_EXERCISE INSTRUCTIONS_
Reproduce only this stretch of the listing below: from the line with "Read Mahou Tsukai No Yome EN Manga Online" through the line with "Mini ładowarka bobcat", exactly as written, with pictures excluded.

*** MATERIAL SHOWN ***

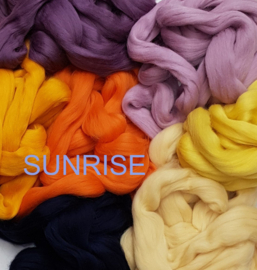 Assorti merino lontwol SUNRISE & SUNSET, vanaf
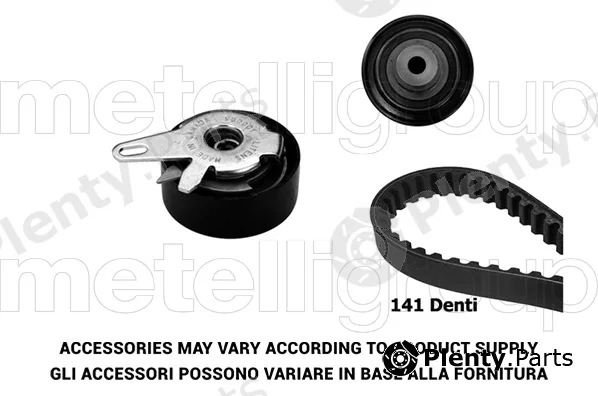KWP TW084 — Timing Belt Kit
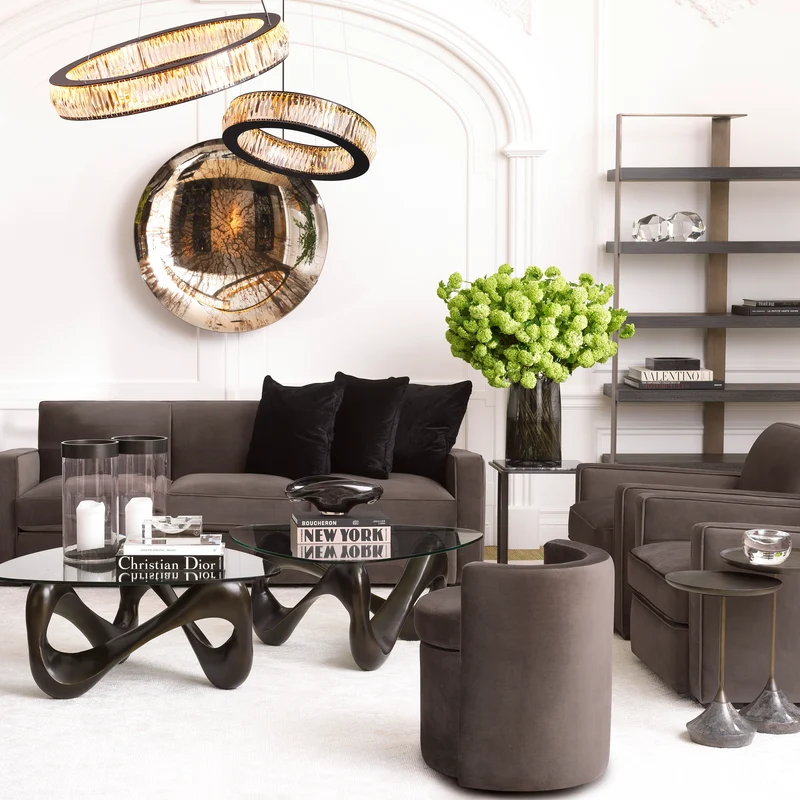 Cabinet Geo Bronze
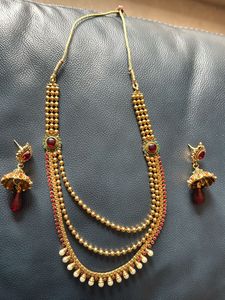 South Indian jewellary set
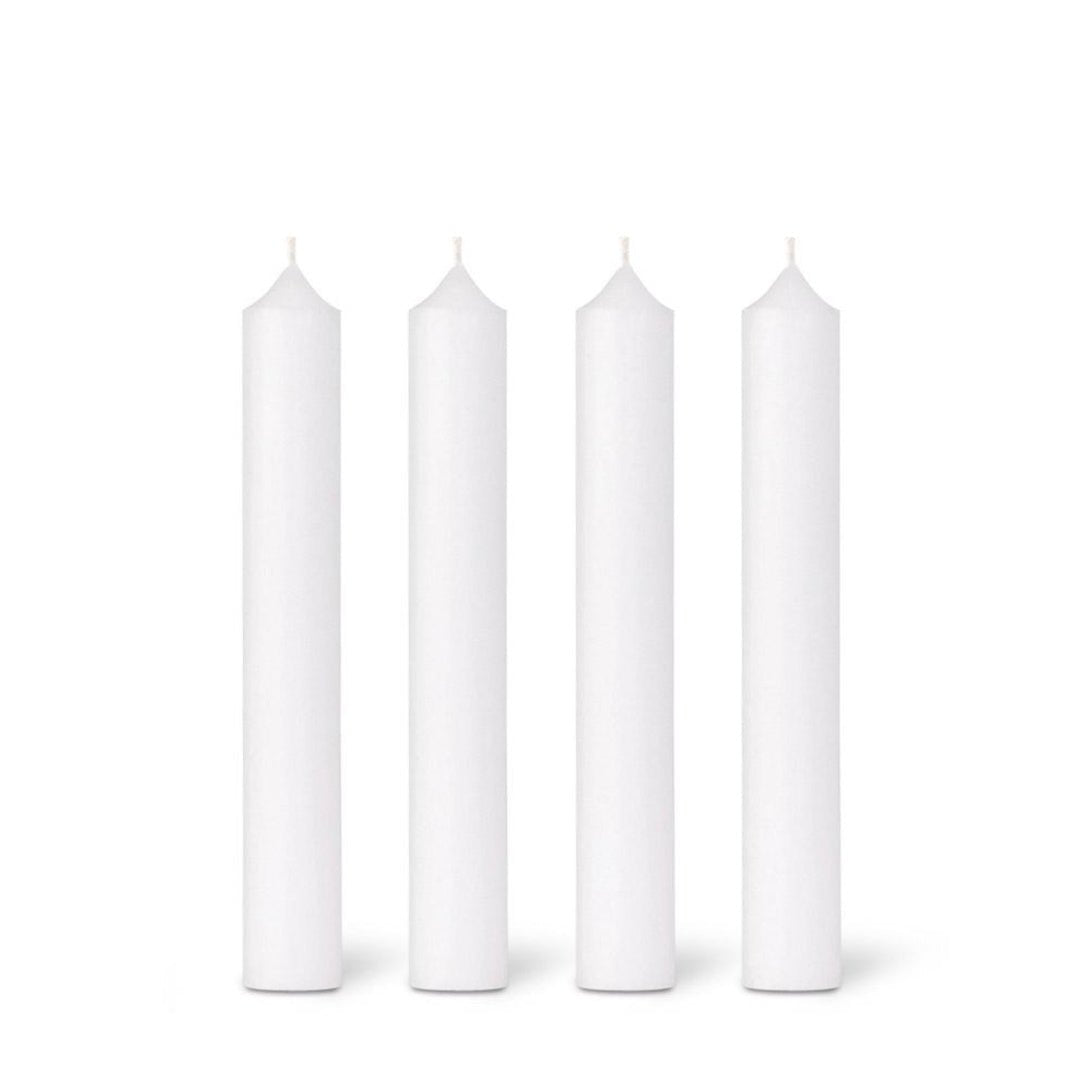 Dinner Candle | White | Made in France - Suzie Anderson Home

*** End of MATERIAL SHOWN ***
*** MATERIAL SHOWN ***

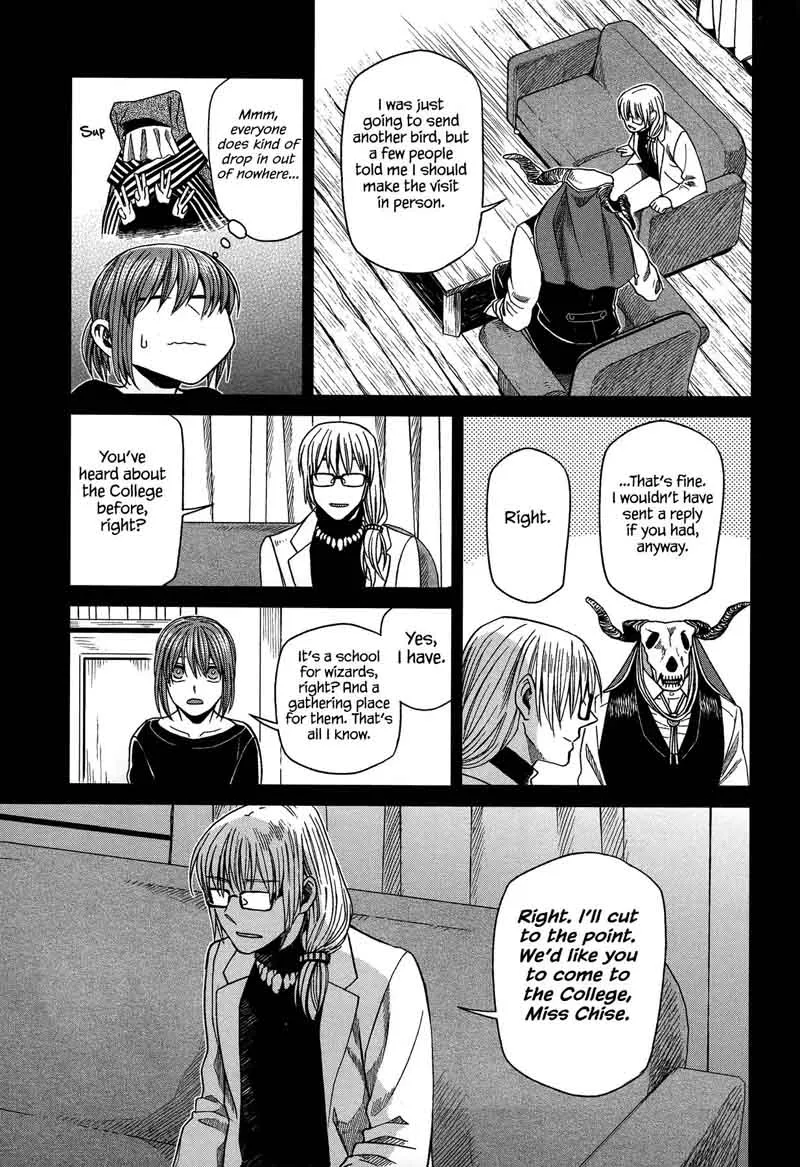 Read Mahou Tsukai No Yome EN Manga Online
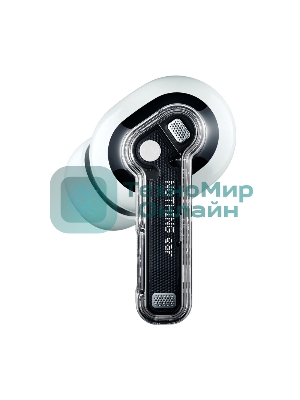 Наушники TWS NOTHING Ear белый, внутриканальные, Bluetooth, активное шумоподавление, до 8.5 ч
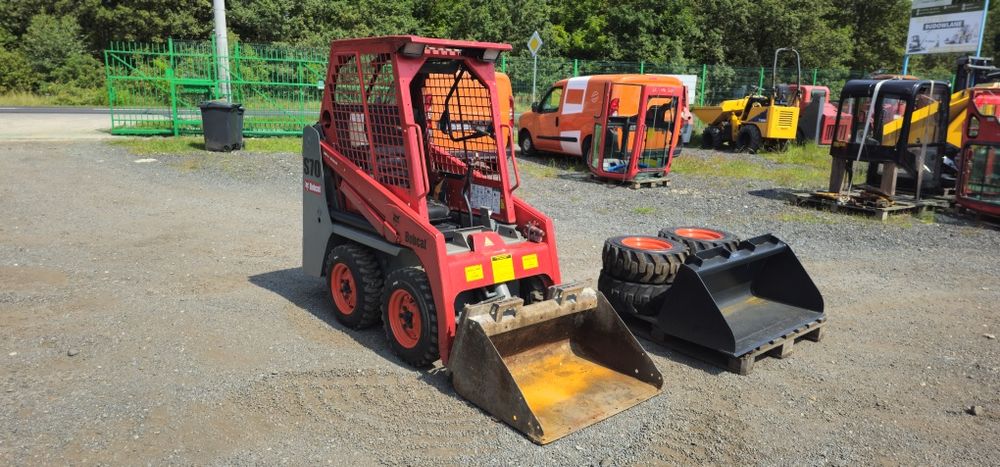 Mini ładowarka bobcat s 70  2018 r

*** End of MATERIAL SHOWN ***

_FINAL ANSWER_
 Read Mahou Tsukai No Yome EN Manga Online
 Наушники TWS NOTHING Ear белый, внутриканальные, Bluetooth, активное шумоподавление, до 8.5 ч
 Mini ładowarka bobcat s 70  2018 r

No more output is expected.